Empowering Networks
Our latest campaign video -- the international compilation video from Peace, Not Violence -- was just posted today. Check out the video below!
One of the beautiful things about our campaign is the way that it's brought a community of people together around the country. (And, increasingly, around the world -- Denmark and the Czech Republic have been inspired to join us in January!) But this is not just mawkish idealism. Creating activist networks -- networks that empower people in their local communities -- is one of the central goals of effective direct action.
It's so easy to feel isolated and weak, when we are disparate and marginalized. But when we see ourselves as part of the crest of our movement... when we see the writing that is on the wall (as recognized even by mainstream media)... we become empowered and energized to do more. To speak more directly and honestly. To take action, even in the face of massive cultural and institutional forces arrayed against us. To take animal rights as seriously as if it were our own lives, or our loved ones' lives, at stake.
Because when you participate in our days of action, you are not just taking a stand in one small city, with one small group of people, against one small restaurant.

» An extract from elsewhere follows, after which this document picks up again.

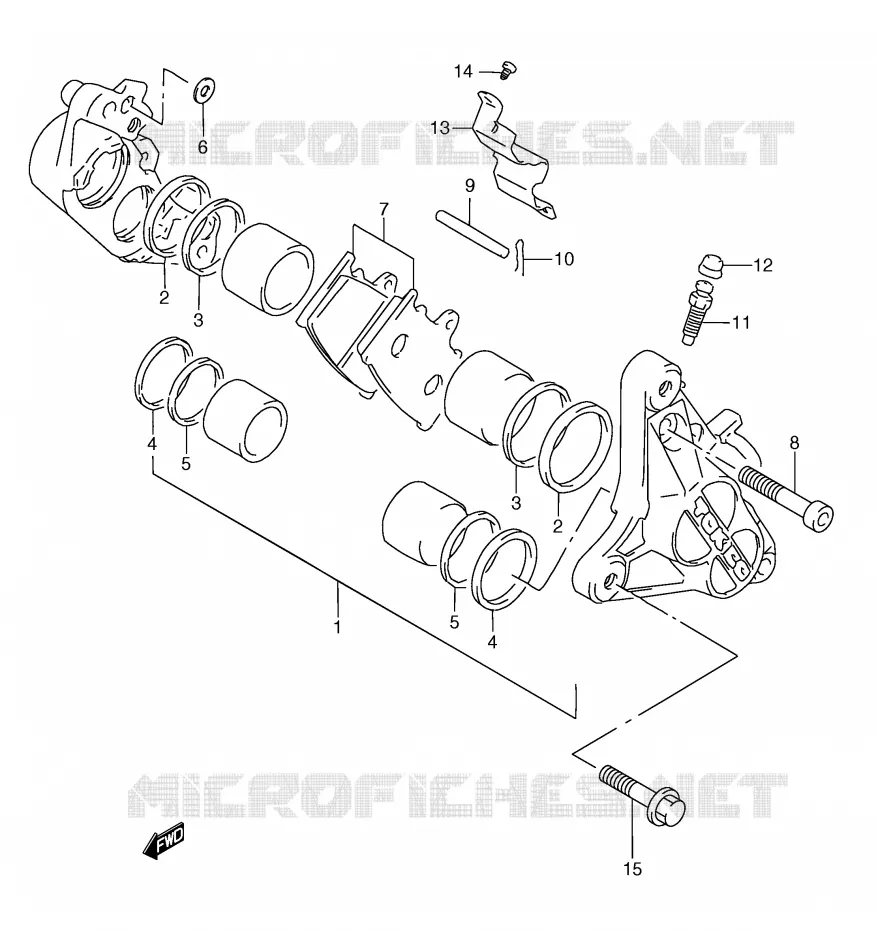 ETRIER DE FREIN AVANT Suzuki MOTO 250 RG 1994  RGV250R(E24)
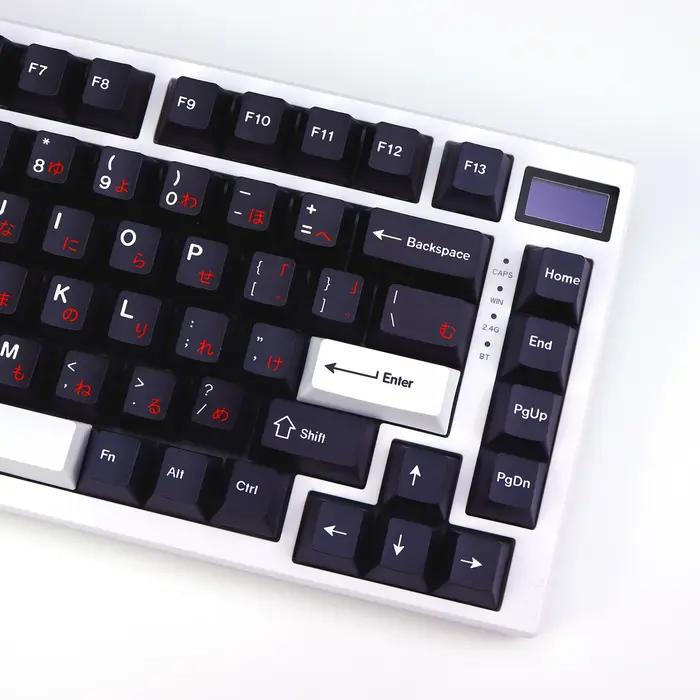 Clavier mécanique KBDiy 143 touches GMK WOB rouge cyrillique touches en plastique PBT sublimation 5 faces pour ordinateurs de bureau portables numériques tablettes occasions spéciales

You are playing a key role in an unfolding international narrative: the confrontation between a giant industry that wants to deceive the people and betray the animals, and a grassroots movement that won't allow itself to be duped or corrupted.
There is powerful evidence and research behind this approach, most recently in a study by two Harvard professors on the Tea Party. Large protest movements, they found, had a powerful impact on both policy and public opinion. Every person who participated, in fact, had a 20x multiplier effect on the people around them.
And this is for a movement that had, as part of its founding narrative, absurd factual beliefs that could be easily discredited by casual scrutiny! How much more powerful our movement can be, if we can create a network of activists that stands strong for our cause, that is resistant to erosion and corruption, and that is prepared to take a strong stand for those we represent.
So join us on January 25, not just because you, as an individual protester, can have an impact (though you most certainly can), but because as a movement and network, we can make big splashes that are far larger than the sum of our individual parts.